のどぐろの正式名称であるアカムツは、白身のトロと表現されるような脂の乗ったさまを表現する「むつっこい」「むつい」が由来といわれている。刺身でもとろけるような舌触りが特徴だ。

2. のどぐろの旬の時期はいつ?

日本海沿岸のさまざまな地域で獲れるのどぐろだが、旬は産地によって異なる。また、旬の考え方も人それぞれだ。基本的にのどぐろは年間通して美味しい魚だが、とくに脂の乗った時期や子持ちを食べられる時期などを旬と捉えることが多いようだ。このようなことから、のどぐろの旬には諸説ありといわれているのだ。

産卵期を迎える夏が旬という説

一般的な考え方としては、産卵期を迎える頃が栄養を蓄えているため最も美味しい時期といわれる。
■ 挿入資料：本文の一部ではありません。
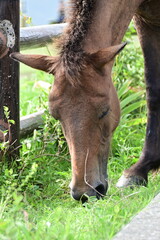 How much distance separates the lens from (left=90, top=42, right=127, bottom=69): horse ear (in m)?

産卵期は7~10月のため、7月以前から産卵を終える前の9月頃までが旬というわけだ。

栄養を蓄える冬が旬という説

しかしその一方で、のどぐろを保護する目的であえて産卵期を避けて漁獲するという地域もあるという。そもそも産卵期を終えると栄養は落ちるが、その後冬になればまた栄養を蓄える。つまり、11~2月頃の冬の時期ものどぐろの旬といえるのだ。金沢などでは、のどぐろは冬に食べる魚という考えが定着している。ただし、冬は海がしけることから収穫量が落ちるため、値段は高くなりやすい。

旬は関係ないという説

一般的に魚は産卵を終えるとやせ細り、脂乗りも悪く味が落ちるといわれる。しかし、のどぐろに関しては産卵してもあまり味が落ちないそうだ。のどぐろは季節よりも個体の大きさによって脂乗りが決まるという研究結果も出ている。大きなのどぐろほど美味しいというわけである。

3. のどぐろの種類

北陸や山陰地方の特産としても知られるのどぐろ。最近では韓国からの輸入ものも多いが、国内では次のようにブランド化されたのどぐろもある。

どんちっちノドグロ

島根県産ののどぐろ。8月から翌年5月までの間に漁獲されたもので、80g以上の新鮮なのどぐろのみがブランド化されている。

紅瞳

長崎県産ののどぐろ。2005年から出荷されており質がよく高値で取引される。対馬市上県町にある上県漁業協同組合による、はえ縄で獲った釣り物。

4. のどぐろの旬の美味しい食べ方

のどぐろの脂の乗りは年間通してよいが、旬によって美味しさの特徴は異なるためそれぞれに合わせた食べ方で味わうのがおすすめだ。

子持ちのどぐろは煮付けに

産卵期を迎える夏ののどぐろは、卵も一緒に味わえる煮付けがベスト。甘辛いタレで煮付けて濃厚な旨みを楽しもう。

冬は鍋に

冬の定番メニューといえば鍋。のどぐろは鍋の具材としても最適。くせがないためほかの具材との相性も問題ない。

刺身、塩焼き、一夜干しなどは年中楽しめる

のどぐろは生でも焼いても美味しい魚。季節問わずさまざまな調理法で楽しもう。

結論

のどぐろの旬の考え方はさまざまだが、それぞれの季節によって違った特徴があることはおさえておきたい。子持ちを食べたいなら夏、より脂が乗ったものを選びたいなら夏と冬が旬と覚えておけばよいだろう。ほかの魚よりも季節による味の変動は少ないが、高級魚ゆえに気軽に食べられるものではない。機会に恵まれたらじっくりと味わいたい魚である。